Llamas (Lama glama) are a South American member of the camel family, though also placed into a category known as lamoids, which include the alpaca, guanaco, and vicuña. Llamas are the largest of all lamoids. Lamoids lack humps, and are typically long necked herbivores with large, pointed ears.
Throughout history, the llama has been used primarily as a pack, not a riding, animal. Like camels, llamas have a high thirst tolerance and they also possess a powerful stamina, making them an ideal pack animals. An average llama can carry about 100 pounds, and their generally docile nature made them an excellent pack animal.
Llamas have also been shorn for their wool, which may not be as insulating as alpaca but is still a good choice.

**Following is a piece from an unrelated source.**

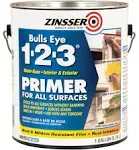 Zinsser Bulls Eye 1-2-3 Primer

To the Incas, llamas were sacred animals who belonged to the mountain gods. There were special government Llama-Michis ("llama herders") who bred and managed llamas, and it was forbidden to hunt llamas.
On the first day of every lunar month, the Incas would lead 100 white llamas into their main square, where they would be sacrified. Sometimes they would be killed outright, while others might be tied out and allowed to starve. The hungry llamas would cry out, which was thought to deliver a message to the gods.
The Incas also used llamas in divinatory practices, and scrutinizing the lungs of a sacrificed llama was supposed to be very effective. The priests would inflate the lungs, blowing through the trachea, and then read the shape and course of the veins.
Like many different cultures, the Incas had a myth of a great flood that once nearly destroyed the world. The tale mentions that two goodly shepherds were worried as their llamas seemed out of sorts, and the llamas shared their gried with the shepherds. The llamas knew that the flood was coming and that their only possible deliverance was to hide high in the Andes. The two shepherds did the same, taking their families with them. When the flood came, it devastated the world yet the two shepherds and the llamas survived. The llamas still remember the flood, which is why they choose to live only high in the moutains.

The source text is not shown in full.